Topic-Modeling Metadata

2 min read

At first glance, topic modeling doesn’t seem to provide us with a lot of metadata; the outputs that the algorithm generates for us are pretty straightforward strings of words. But I think there’s more to topic modeling than meets the eye, and I would be interested in exploring and analyzing what little metadata topic modeling has to offer us. My research question would be something along the lines of: What can the metadata of topic modeling tell us about topic modeling as a practice, and about the novels they are attempting to topic model?

In order to effectively analyze the metadata of topics, we’d be burdened with the task of creating, or at least documenting, the metadata that’s available for each one.
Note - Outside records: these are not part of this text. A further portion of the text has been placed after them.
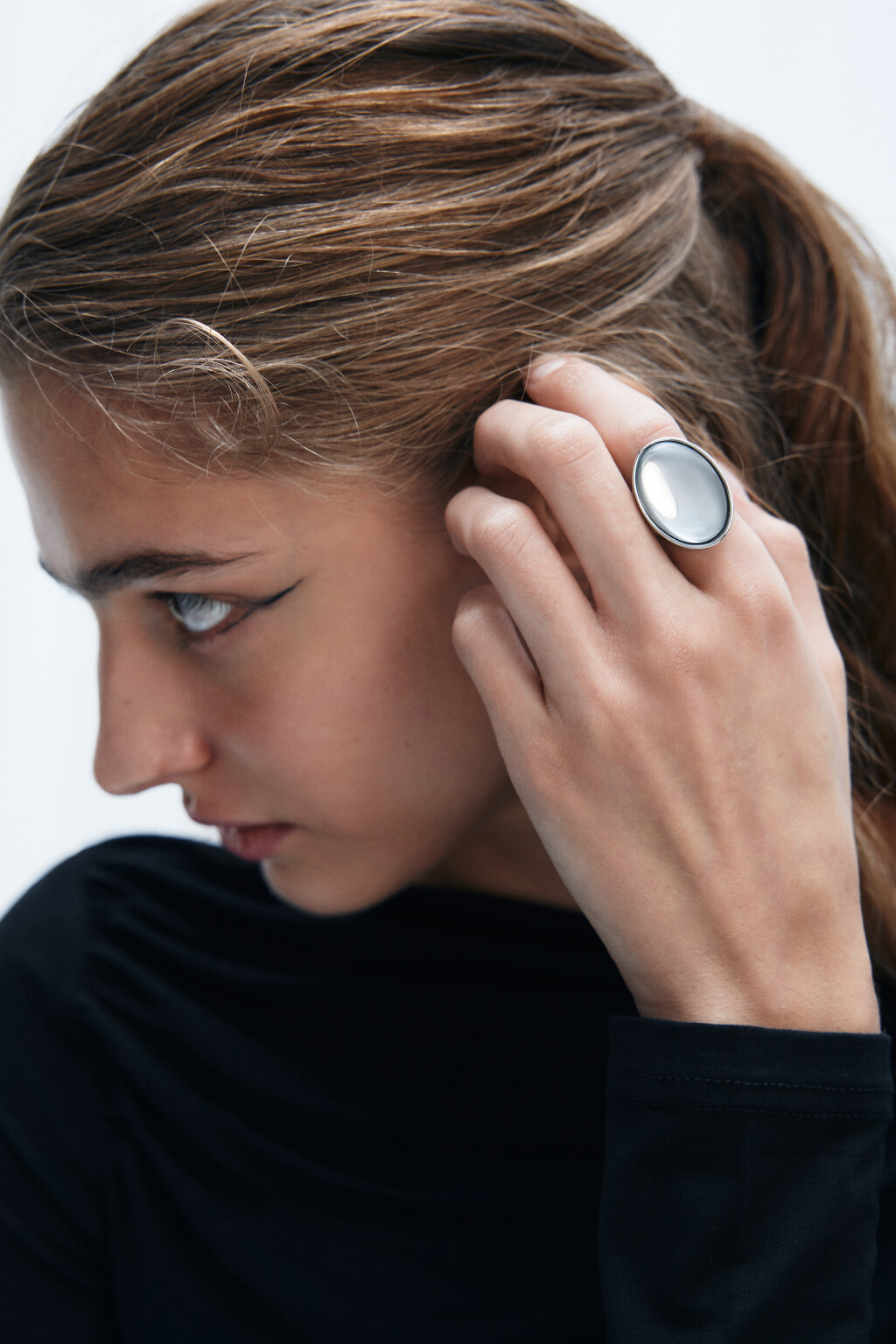 Кольцо с декоративной вставкой - цвет серый - 1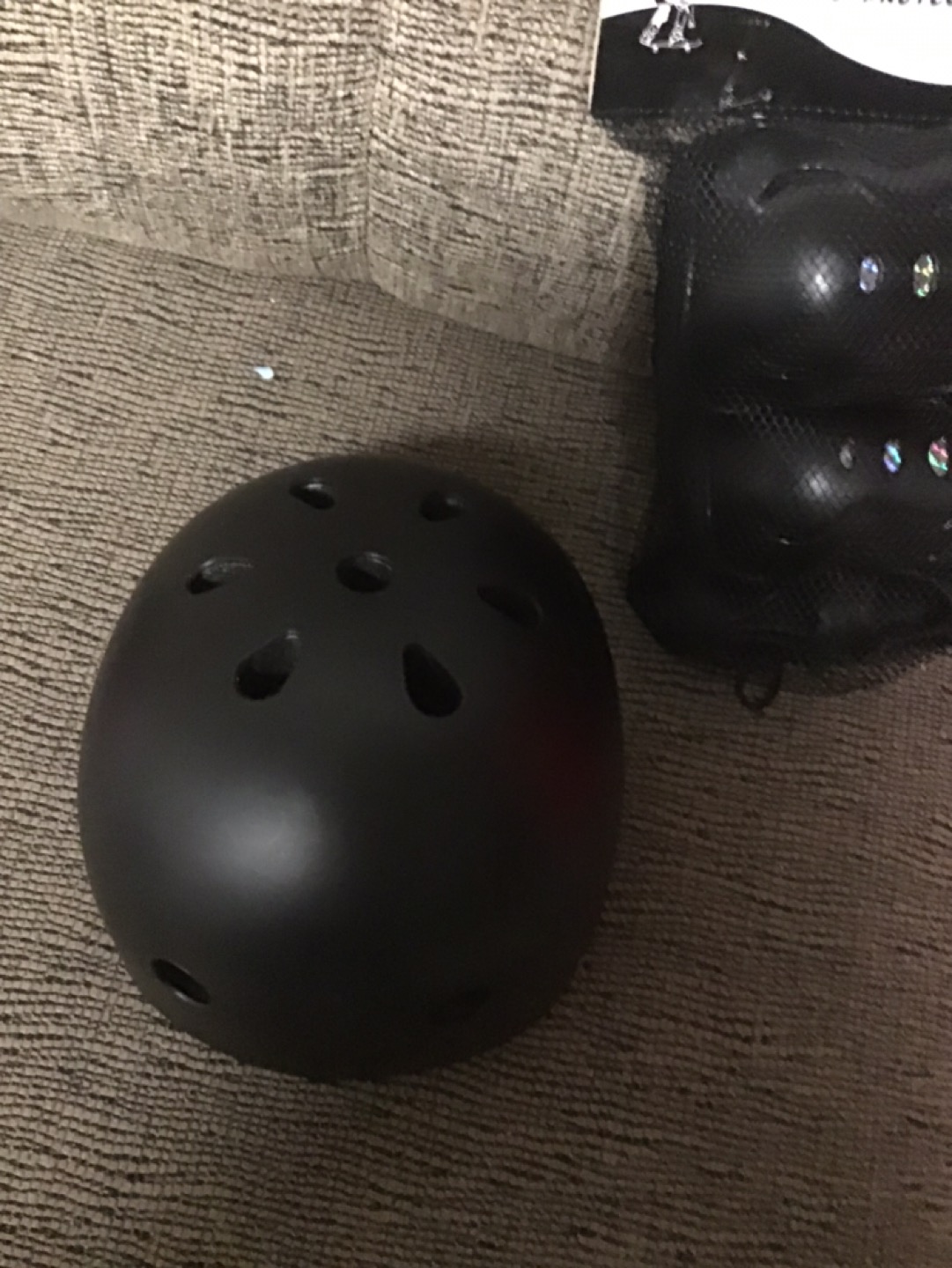 Toptry Helmet and Safety Pads 💰 thumbnail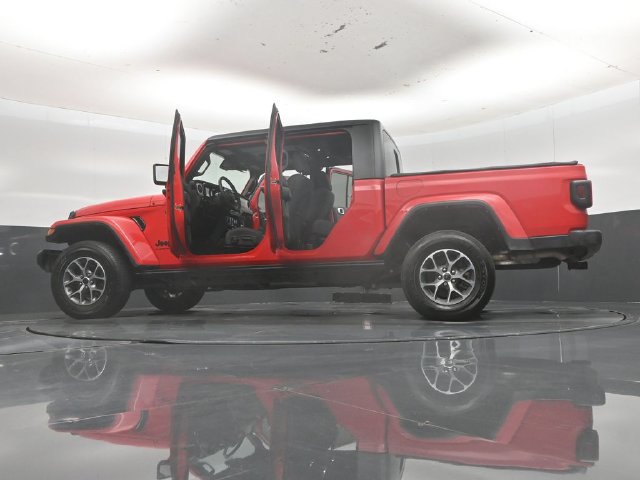Used 2024 Jeep Gladiator Sport AWD/4WD image 59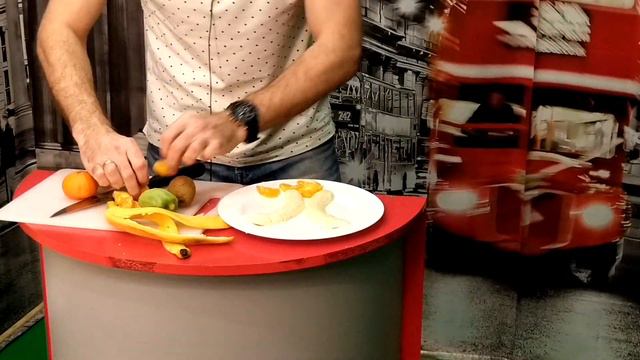 Мужчина на кухне. Необычный десерт.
I would begin by tagging each topic with the number of other topics produced alongside it, the number of iterations, the number of printed words, and the presence of stop words or not. I would then create some basic content-related labels surrounding the topics based on what we’ve seen so far, such as “money” or “family” or “hilarious” or “???” depending on the topic. I’d also like to figure out a way to assign the topics a “relevancy score”, or some metric that indicates how much the topic “makes sense” to a human reader or how much meaning we can draw from it.

I think this research question, and its answers, would provide us with a SUPER macro-level picture of what’s going on in a corpus of novels, one worth discussing.